Even though it has been around for years, Usenet is still a bit of a mystery to a lot of people. If you want to get caught up on everything you need to know check out our guide to Usenet. On the surface, Usenet seems like it should be a lot safer because you’re not directly sharing files with other users and tracking your activity is a lot more difficult, but you’re not completely anonymous on Usenet either. Let’s break down how it all works.
Anonymity And Secure Downloading On Usenet
Let’s start by getting a good grasp on how Usenet works. First, you pay for a subscription to a Usenet provider. This gives you a monthly or data-capped plan to access information stored on Usenet. Every provider gives you access to the same files, much like an internet service provider (ISP) gives you access to the same internet.
Remaining completely anonymous on Usenet is very difficult. Unlike a P2P network, you have to pay a provider to get access to Usenet files. In order to pay you have to send over your credit card and billing information to get access to Usenet files and services. You could use an anonymous payment service like Bitcoin, but we won’t get into that here.
Luckily, Usenet providers are good at keeping your download activity under wraps. Most Usenet providers offer a Secure Socket Layer (SSL) for everything you download, meaning nobody but you and the provider has any idea what you’re downloading. Your internet service provider could notice you’re taking up a lot of bandwidth, but they don’t know how or why. To their eyes you could be downloading the newest Linux build or you could be watching a three-hour long porn epic.
In fact, they won’t even be able to tell that you’re using Usenet.

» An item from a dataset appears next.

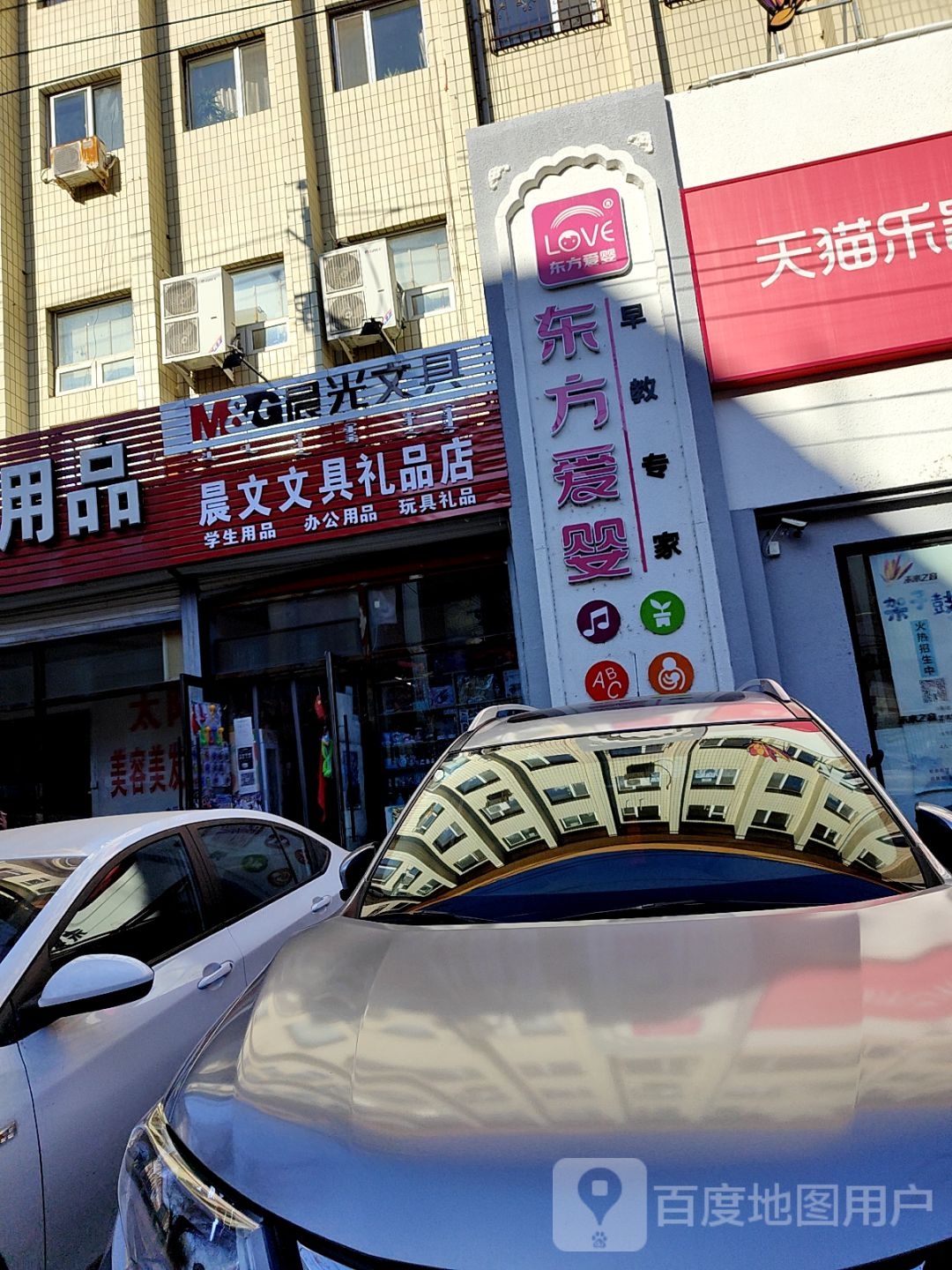 晨文问句礼品店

The only person who knows what you’re downloading is your provider, but since most Usenet providers do not keep logs of your activity (and since the retention rate — the length of time a server keeps files — isn’t permanent like a torrent), tracking your downloads is far more difficult.
This differs from peer-to-peer in one key way. Tracking peer-to-peer downloads is as simple as looking at the IP address of someone seeding files (although, we’ve shown you anonymize your BitTorrent tracking before if you’re interested). Usenet is a server filled with files uploaded by people just like yourself, so you’re not broadcasting your IP address to strangers when you’re downloading — you’re only broadcasting it to your Usenet provider, who keeps no lasting record of your activity. Even if someone wanted them to hand over a list of everything you’ve downloaded, they wouldn’t be able to because it doesn’t exist. Image: Nite_Owl.
Potential Legal Troubles
Since Usenet is often used for piracy, it’s been having some legal troubles just like BitTorrent. Usenet users have been safe from prosecution so far, but providers haven’t been. In 2007 the RIAA won a similar lawsuit against Newzbin. The claims, at least from a legal point of view, are similar to the ones filed against sites like MegaUpload or Pirate Bay in that Usenet providers offer access to files that are often copyrighted works.

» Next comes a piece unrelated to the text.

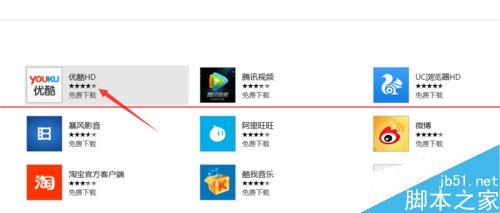 Windows10正式版应用商店怎么安装卸载软件？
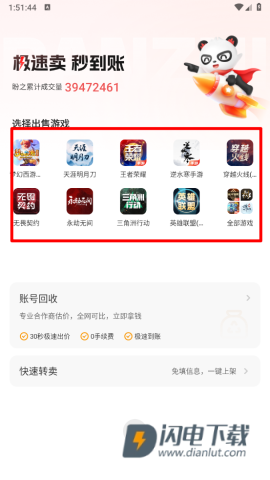 盼之代售app 第4张图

The problem is, like we mentioned above, all Usenet providers give access to the same content so taking one down does absolutely nothing for the content. Usenet files uploaded by individuals are stored on servers around the world, not on one single person’s hard drive. This is different than BitTorrent because a BitTorrent tracker actually tracks who has files and where. It’s a heck of a lot harder to find and get rid of files on Usenet, which is why it’s a great place to find crazy old out of print and unlicensed works of music and movies.
You Can Still Get Viruses And Malware From Usenet
One advantage peer-to-peer has over Usenet is that a lot of the links to torrent files are filled with comments. Inside those comments you’ll find information about whether a virus was found or malware was detected. Usenet search engines often have similar comments, so you should check through those to avoid any bad repercussions — and, just like with torrents, it’s always a good idea to scan them yourself. Luckily, we’ve shown you a great way to automate this process for all your downloads.
The point is that the safety of the files is almost as unpredictable as torrents, so it’s always a good idea to scan them before opening and installing anything. As far as your anonymity is concerned, as long as your Usenet provider offers SSL you’re pretty safe and you’re harder to track on Usenet than if you’re using BitTorrent. Your definitely safer on Usenet than openly using BitTorrent, but if you’re using BitTorrent with the security measures mentioned above they’re about equal. Image: inane_spiel.